The printing industry veteran has spent 67 years with the family business but none was more challenging than 1985. The company, which had earlier prospered as a printer of advertisements and stationery, had hit a wall and needed to diversify if it was going to survive.
It had started making some break-open tickets a decade earlier but nothing Pollard tried – stamps, cheques, banknotes – was the silver bullet.
Then the Western Canada Lottery put out a request for proposal for instant scratch-and-win tickets. Pollard thought the company should jump at the opportunity but his two older brothers, who were also partners in the company, didn’t want to do it. Pollard bought them out.
He then mortgaged his house and borrowed $5 million to acquire the technology and machinery required to turn the 77-year-old printing shop into a lottery ticket manufacturer. Not only did he gamble that this unproven niche would save the company, he also hoped it would catch the eye of his two eldest sons, Gordon, a corporate lawyer, and John, an accountant. Indeed, John joined the firm in 1886 at age 25 and Gordon followed three years later at 30.
“Young people like to go where there’s growth,” the elder Pollard said.
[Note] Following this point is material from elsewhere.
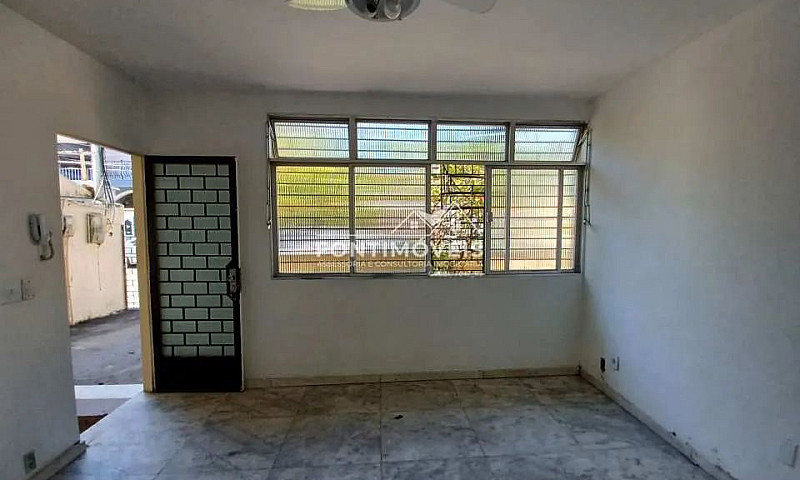 Casa Linear Com 70 M...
Even the slightest hiccup might have been the company’s downfall. CIBC, its major creditor, put the company on a watch list and went so far as to station an employee at Pollard Banknote to sign off on all cheques. That was one step from calling the loan.
Slowly but surely, the company turned things around – including switching over to TD Bank, which is still a partner today – and the move eventually paid off very handsomely.
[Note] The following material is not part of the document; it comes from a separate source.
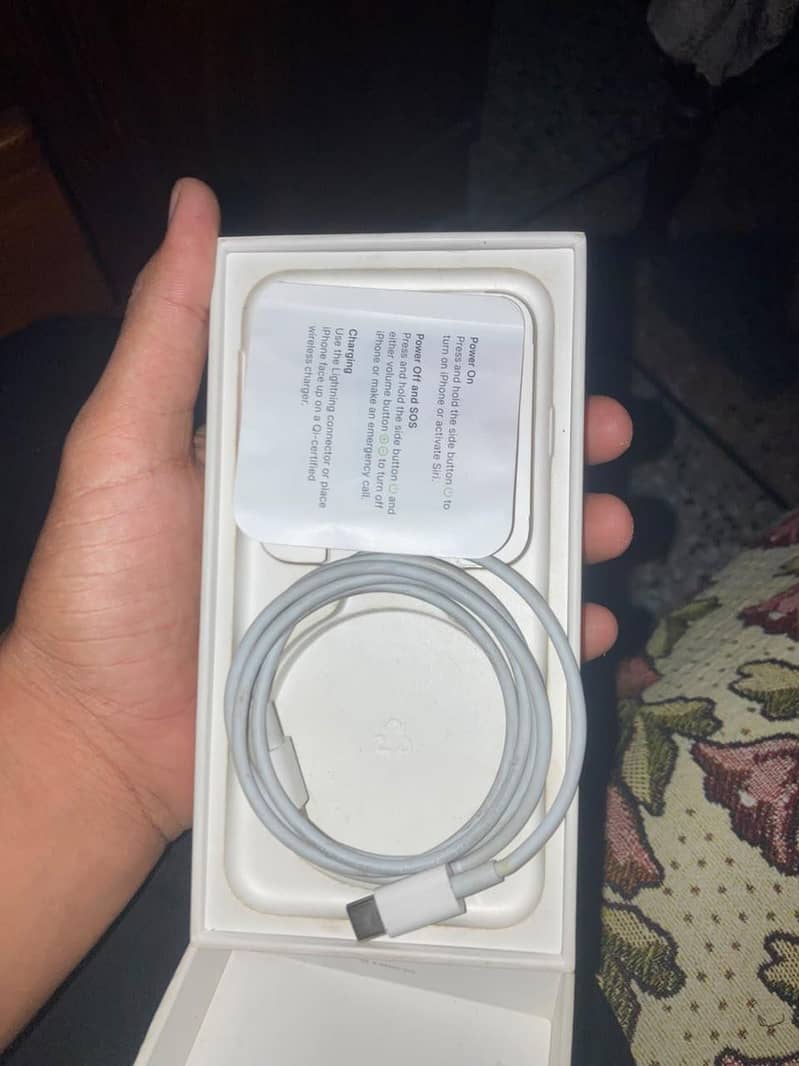 Apple iPhone SE 4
Pollard Banknote had 50 employees and sales of $1.6 million in 1977. Today is has 1,100 employees in five locations across North America and sales of $185 million. Serving more than 50 lotteries around the globe, it has become one of the top three international players in the field with the capacity to produce about 18 billion tickets annually.
“Whatever you’re doing today is going to be obsolete one day. As a business, you’ve got to evolve but evolving a business is really difficult. You should expect to have several failures along the way,” he says.
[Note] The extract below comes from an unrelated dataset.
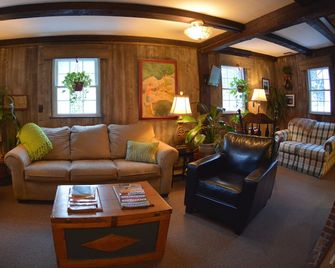 Hyde Away Inn - Waitsfield - Lobby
L.O., as he’s known by many friends and colleagues, started out working for dad, Wilbur, back in 1947 when the company was known as Saults & Pollard. He then moved up to president, replacing his dad.
He stepped down from running the day-to-day operations in 1997 and was replaced by his two eldest sons as co-CEOs. Since then, he has served as chairman and most recently, chairman emeritus.
(Gordon has since been named board chair and youngest son Doug has joined John as co-CEO.)